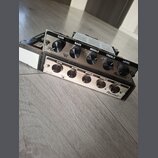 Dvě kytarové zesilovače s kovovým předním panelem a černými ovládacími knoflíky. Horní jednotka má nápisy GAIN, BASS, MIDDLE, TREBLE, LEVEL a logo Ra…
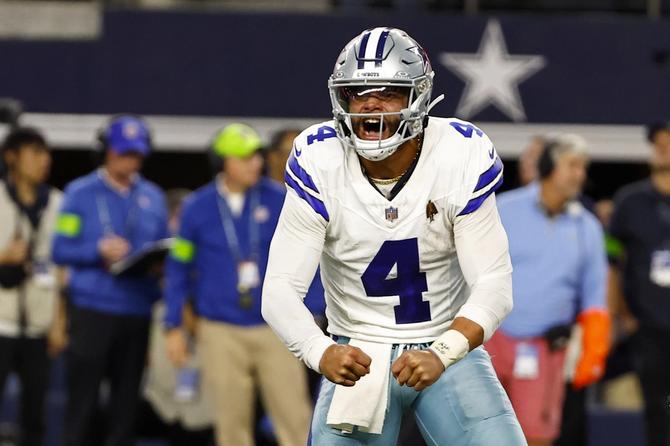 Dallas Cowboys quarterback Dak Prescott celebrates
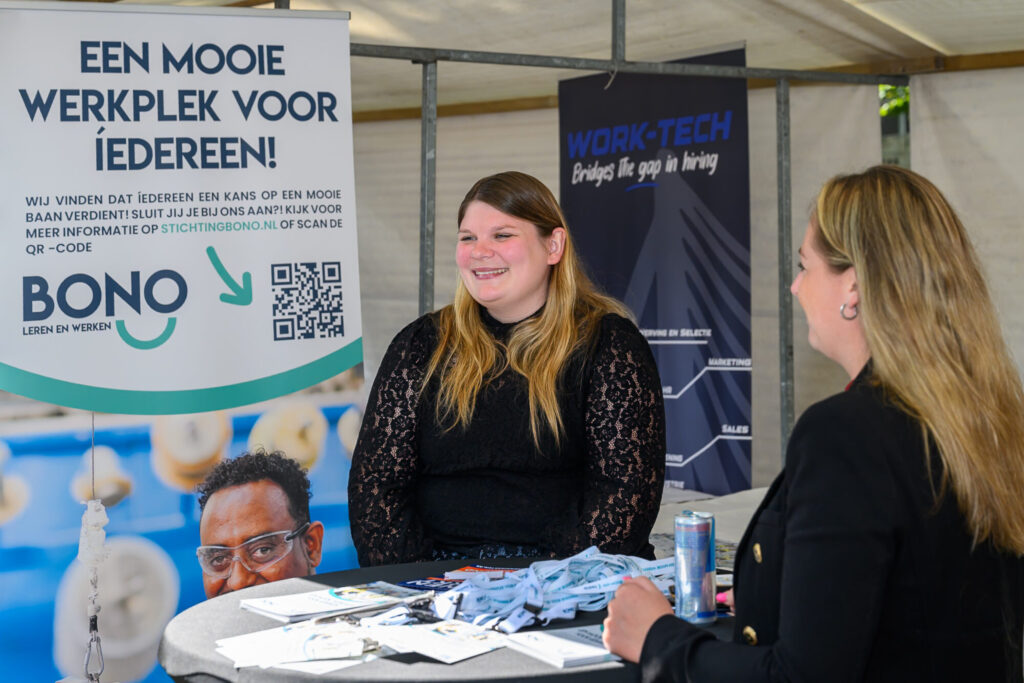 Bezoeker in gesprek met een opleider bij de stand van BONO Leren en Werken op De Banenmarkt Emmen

» **Task goal**
Write out the data above precisely. Pictures stay out.

» **Response box**
 Dvě kytarové zesilovače s kovovým předním panelem a černými ovládacími knoflíky. Horní jednotka má nápisy GAIN, BASS, MIDDLE, TREBLE, LEVEL a logo Ra…
 Dallas Cowboys quarterback Dak Prescott celebrates
 Bezoeker in gesprek met een opleider bij de stand van BONO Leren en Werken op De Banenmarkt Emmen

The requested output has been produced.